Join us for the College of Information Science Colloquium Series, featuring Dr. Liz Przybylski.

Friday, February 6, 2026 
Presentation: 1:00 - 2:00 p.m. 
Grad Workshop: 2:00 p.m. - 3:00 p.m.

Register Now

Ethnographic research increasingly requires scholar-participants to interact online and offline, bridging face-to-face approaches with digital technologies. This talk shares insights from new hybrid ethnographic research in the popular music industries, providing approaches that are relevant across disciplinary contexts. The methodological focus will allow listeners to explore the theoretical and practical shifts researchers face when adapting to hybrid fieldsites, and think together through techniques for structuring and mapping fieldsites as well as tailoring the research process for accessibility and research team safety. By approaching a set of problems in ethnography, the presentation will outline how, if we think through the intertwining of the online and the offline and acknowledge sticky situations, we can actually find assets in these situations, and end up solving research problems.

About Dr. Liz Przybylski

Dr. Liz Przybylski is a scholar of hip hop and the popular music industry. Liz wrote Sonic Sovereignty: Hip Hop, Indigeneity and Shifting Popular Music Mainstreams (NYU Press, winner of the 2025 Greg Tate Award and of the 2024 IASPM Canada Book Prize) and Hybrid Ethnography (SAGE, 2020, Honorable Mention for the Bruno Nettl Prize).
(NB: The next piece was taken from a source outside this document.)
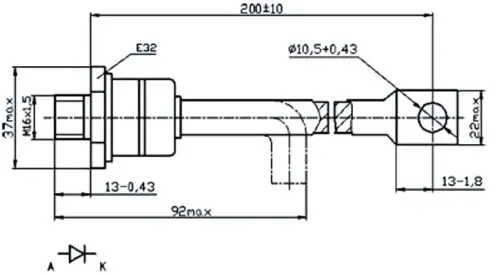 ДЧ161-160-9 диод фото 2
An awardee of the National Endowment for the Humanities Faculty Fellowship, Liz’s recent publications address on- and off-line hybrid ethnographic research, the role of technology in pop music distribution, and popular music pedagogy. Liz’s ongoing work interrogates music as labor within international popular music industries. A full professor of ethnomusicology at the University of California, Riverside, Dr. Przybylski teaches courses on ethnographic methods, popular music, Indigenous music, and gender and sexuality. On radio, Liz hosted Continental Drift on WNUR and content for At the Edge of Canada: Indigenous Research on CJUM.